Targeted Clinical Development Milestones and Presentations
- Provide quarterly updates on the ongoing Phase 1 trial of AVXS-101 in SMA Type 1.
- Initiate a Phase 1 safety and dosing study of AVXS-101 via intrathecal (IT) delivery in patients with SMA Type 2 in the second half of 2016.
- Disclose motor development milestones at a medical meeting in the second half of 2016.
- Provide an update on the SMA Type 1 development path in the second half of 2016 after meeting with FDA.
- Report 13.6 months of data for all patients in the ongoing SMA Type 1 Phase 1 trial in the first quarter of 2017.
- Initiate pivotal trials of AVXS-101 in patients with SMA Type 1 in the United States and Europe in the first half of 2017.
Second Quarter 2016 Financial Results
- Cash Position: As of June 30, 2016, AveXis had $131.4 million in cash and cash equivalents.
- R&D Expenses: Research and development expenses were $10.4 million for the second quarter of 2016 (which included $1.3 million of stock-based compensation), compared to $7.7 million for the same period in 2015 (which included $5.8 million of stock-based compensation), an increase of $2.7 million. The increase in research and development expenses was primarily attributable to an increase in expenses necessary to support the advancement of the company’s manufacturing product development efforts, clinical and pre-clinical programs, primarily the ongoing trial of AVXS-101 in SMA Type 1, and increases in employee compensation. Partially offsetting the increase in R&D spending was lower stock-based compensation expense of $4.5 million.
- G&A Expenses: General and administrative expenses were $5.4 million for the second quarter of 2016 (which included $2.6 million of stock-based compensation), compared to $2.3 million for the same period in 2015 (which included $0.8 million of stock-based compensation), an increase of $3.1 million. The increase in general and administrative expenses was primarily attributable to an increase in employee compensation, legal and professional fees and other infrastructure costs to support the company’s overall growth, and higher stock-based compensation expense.
- Net Loss: Net loss was $15.7 million, or $0.68 per share, for the second quarter of 2016, compared to a net loss of $9.9 million, or $1.41 per share, for the second quarter of 2015.
Conference Call Information
AveXis will host a conference call and webcast at 4:30 p.m. EDT today, August 11, 2016, to discuss second quarter 2016 financial results and business updates.

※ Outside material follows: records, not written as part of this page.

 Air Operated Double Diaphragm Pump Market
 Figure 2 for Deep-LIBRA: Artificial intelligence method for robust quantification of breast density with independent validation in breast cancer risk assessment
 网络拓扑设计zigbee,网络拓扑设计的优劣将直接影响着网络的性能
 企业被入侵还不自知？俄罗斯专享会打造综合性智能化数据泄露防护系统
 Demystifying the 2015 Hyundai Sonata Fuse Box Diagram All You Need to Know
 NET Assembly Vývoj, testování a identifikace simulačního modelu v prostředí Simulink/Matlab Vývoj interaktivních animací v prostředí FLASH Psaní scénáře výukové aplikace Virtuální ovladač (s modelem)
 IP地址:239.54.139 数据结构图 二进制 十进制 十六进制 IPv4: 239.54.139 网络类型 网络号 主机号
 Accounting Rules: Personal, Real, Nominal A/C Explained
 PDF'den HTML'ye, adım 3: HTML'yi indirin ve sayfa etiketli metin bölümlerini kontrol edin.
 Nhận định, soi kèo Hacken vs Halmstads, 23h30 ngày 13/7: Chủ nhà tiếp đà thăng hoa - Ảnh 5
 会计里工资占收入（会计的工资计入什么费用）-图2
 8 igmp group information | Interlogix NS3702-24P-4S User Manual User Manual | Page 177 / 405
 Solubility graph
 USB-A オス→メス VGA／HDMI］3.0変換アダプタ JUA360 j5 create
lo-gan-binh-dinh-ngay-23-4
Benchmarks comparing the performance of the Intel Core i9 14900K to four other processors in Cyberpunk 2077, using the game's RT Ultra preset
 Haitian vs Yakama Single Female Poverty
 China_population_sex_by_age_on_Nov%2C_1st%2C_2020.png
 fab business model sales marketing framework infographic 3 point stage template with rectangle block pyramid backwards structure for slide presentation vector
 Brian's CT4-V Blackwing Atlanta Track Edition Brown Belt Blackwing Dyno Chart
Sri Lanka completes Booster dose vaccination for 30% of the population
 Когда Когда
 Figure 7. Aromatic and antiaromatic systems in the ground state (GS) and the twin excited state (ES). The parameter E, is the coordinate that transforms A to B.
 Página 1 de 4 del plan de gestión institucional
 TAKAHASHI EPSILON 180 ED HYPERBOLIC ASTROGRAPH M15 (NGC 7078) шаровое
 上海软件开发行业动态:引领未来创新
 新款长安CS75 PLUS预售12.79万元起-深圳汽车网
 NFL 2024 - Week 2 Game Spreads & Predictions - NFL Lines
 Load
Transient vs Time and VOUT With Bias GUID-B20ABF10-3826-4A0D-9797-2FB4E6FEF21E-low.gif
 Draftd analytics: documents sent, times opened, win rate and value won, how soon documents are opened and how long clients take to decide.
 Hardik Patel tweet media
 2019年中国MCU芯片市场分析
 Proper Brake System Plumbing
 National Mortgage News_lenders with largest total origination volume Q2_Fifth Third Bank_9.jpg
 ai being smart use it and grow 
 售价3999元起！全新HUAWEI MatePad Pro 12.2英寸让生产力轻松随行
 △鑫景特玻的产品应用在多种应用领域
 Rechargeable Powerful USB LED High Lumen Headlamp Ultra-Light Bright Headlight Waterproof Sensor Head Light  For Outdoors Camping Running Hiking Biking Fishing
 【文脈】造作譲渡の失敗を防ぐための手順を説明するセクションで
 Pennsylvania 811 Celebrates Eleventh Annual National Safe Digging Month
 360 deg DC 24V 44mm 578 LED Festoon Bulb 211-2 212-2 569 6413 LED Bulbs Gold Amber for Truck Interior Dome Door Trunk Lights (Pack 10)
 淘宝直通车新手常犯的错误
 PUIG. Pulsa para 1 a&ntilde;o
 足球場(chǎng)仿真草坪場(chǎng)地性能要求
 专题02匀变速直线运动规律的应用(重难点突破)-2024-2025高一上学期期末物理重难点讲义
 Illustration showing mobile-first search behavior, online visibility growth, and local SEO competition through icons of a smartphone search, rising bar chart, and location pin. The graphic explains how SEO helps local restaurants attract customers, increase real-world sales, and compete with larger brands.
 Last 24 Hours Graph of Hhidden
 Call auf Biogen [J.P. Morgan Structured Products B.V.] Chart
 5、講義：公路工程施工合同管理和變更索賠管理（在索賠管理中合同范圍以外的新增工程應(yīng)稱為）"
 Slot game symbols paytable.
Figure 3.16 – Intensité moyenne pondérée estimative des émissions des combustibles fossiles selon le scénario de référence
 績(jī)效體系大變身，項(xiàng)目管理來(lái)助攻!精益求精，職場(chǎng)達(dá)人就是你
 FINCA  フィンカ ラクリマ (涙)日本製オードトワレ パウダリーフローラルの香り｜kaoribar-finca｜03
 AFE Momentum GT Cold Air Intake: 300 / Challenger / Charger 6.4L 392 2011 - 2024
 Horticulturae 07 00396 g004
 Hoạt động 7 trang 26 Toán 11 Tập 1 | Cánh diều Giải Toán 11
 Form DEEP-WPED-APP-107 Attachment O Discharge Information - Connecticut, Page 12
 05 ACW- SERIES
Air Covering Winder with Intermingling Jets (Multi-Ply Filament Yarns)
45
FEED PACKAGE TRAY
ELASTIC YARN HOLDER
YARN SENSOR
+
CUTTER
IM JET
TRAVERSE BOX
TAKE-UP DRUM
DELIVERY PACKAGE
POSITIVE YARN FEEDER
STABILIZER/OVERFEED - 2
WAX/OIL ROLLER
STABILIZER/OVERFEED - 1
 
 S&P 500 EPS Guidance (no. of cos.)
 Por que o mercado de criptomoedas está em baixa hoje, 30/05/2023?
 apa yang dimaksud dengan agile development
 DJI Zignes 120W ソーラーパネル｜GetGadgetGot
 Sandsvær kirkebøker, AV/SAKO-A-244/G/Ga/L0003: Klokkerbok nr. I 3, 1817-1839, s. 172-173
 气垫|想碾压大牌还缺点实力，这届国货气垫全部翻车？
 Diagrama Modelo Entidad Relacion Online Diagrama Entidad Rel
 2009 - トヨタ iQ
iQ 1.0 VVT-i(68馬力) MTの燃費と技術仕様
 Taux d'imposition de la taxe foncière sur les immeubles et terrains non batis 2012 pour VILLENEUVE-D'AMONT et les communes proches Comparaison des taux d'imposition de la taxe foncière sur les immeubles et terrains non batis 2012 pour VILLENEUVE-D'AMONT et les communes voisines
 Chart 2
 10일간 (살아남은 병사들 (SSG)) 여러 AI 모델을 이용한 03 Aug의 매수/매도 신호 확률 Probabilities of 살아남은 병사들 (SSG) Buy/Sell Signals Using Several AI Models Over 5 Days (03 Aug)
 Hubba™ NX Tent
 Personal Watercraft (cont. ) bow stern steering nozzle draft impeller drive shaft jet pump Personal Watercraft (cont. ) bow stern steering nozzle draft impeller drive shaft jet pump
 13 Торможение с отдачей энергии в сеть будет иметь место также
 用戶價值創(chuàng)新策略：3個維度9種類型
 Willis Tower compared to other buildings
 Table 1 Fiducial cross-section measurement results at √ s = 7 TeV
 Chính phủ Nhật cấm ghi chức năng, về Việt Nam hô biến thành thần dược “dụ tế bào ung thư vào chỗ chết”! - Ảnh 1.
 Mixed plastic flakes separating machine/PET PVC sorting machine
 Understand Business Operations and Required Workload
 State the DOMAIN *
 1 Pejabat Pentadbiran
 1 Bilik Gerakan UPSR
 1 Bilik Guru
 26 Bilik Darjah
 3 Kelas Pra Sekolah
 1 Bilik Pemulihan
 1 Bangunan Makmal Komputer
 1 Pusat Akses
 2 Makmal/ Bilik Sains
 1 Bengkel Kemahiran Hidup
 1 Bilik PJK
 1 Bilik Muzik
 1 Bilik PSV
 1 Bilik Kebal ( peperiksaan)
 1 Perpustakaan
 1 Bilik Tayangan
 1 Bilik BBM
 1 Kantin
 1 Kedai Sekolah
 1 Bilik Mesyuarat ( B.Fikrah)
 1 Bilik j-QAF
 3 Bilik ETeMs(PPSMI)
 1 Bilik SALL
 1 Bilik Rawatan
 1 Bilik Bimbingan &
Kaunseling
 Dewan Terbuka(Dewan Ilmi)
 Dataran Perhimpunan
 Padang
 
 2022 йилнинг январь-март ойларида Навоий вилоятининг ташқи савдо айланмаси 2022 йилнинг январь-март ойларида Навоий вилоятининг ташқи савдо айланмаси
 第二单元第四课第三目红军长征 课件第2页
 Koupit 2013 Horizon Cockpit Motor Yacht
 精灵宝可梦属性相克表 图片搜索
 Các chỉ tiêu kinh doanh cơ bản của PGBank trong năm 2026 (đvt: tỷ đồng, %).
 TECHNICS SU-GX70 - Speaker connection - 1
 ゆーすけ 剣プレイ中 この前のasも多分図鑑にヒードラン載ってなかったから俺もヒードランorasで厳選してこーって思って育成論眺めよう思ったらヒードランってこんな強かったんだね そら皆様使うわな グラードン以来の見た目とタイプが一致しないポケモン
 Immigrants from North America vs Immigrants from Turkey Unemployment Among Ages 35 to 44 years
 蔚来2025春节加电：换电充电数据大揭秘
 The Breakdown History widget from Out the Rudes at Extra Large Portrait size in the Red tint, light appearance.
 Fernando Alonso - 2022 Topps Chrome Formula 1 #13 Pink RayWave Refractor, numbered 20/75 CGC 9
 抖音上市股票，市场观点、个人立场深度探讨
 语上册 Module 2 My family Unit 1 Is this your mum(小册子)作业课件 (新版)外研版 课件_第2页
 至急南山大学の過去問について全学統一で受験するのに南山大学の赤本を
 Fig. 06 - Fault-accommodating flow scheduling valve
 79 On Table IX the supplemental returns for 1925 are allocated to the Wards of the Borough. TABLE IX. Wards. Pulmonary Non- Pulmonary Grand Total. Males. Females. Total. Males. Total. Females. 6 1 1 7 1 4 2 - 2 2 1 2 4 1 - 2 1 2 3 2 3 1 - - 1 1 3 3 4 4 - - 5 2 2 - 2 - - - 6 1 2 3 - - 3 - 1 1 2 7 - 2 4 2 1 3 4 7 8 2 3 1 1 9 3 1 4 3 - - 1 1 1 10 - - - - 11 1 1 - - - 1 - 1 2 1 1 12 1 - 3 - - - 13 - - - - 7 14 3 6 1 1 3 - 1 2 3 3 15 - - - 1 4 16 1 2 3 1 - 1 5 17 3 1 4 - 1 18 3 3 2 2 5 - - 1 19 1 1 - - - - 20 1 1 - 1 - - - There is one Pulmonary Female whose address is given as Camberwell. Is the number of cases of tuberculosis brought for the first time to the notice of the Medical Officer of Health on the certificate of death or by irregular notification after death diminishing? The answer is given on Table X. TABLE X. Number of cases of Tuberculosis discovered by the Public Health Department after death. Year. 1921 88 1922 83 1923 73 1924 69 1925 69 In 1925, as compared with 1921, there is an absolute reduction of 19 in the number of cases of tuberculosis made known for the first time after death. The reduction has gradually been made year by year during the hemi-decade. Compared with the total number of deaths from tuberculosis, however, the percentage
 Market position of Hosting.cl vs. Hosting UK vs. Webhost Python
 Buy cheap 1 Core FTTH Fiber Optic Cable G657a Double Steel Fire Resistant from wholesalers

Analysts and investors can participate in the conference call by dialing (877) 508-0547 for domestic callers and (281) 973-6085 for international callers, using the conference ID 57726673. The webcast can be accessed live on the Events and Presentations page in the Investors and Media section of the AveXis website, www.AveXis.com. The webcast will be archived on the company’s website until its next earnings call, and will be available for telephonic replay for 14 days following the call by dialing (855) 859-2056 (Domestic) or (404) 537-3406 (International), conference ID 57726673.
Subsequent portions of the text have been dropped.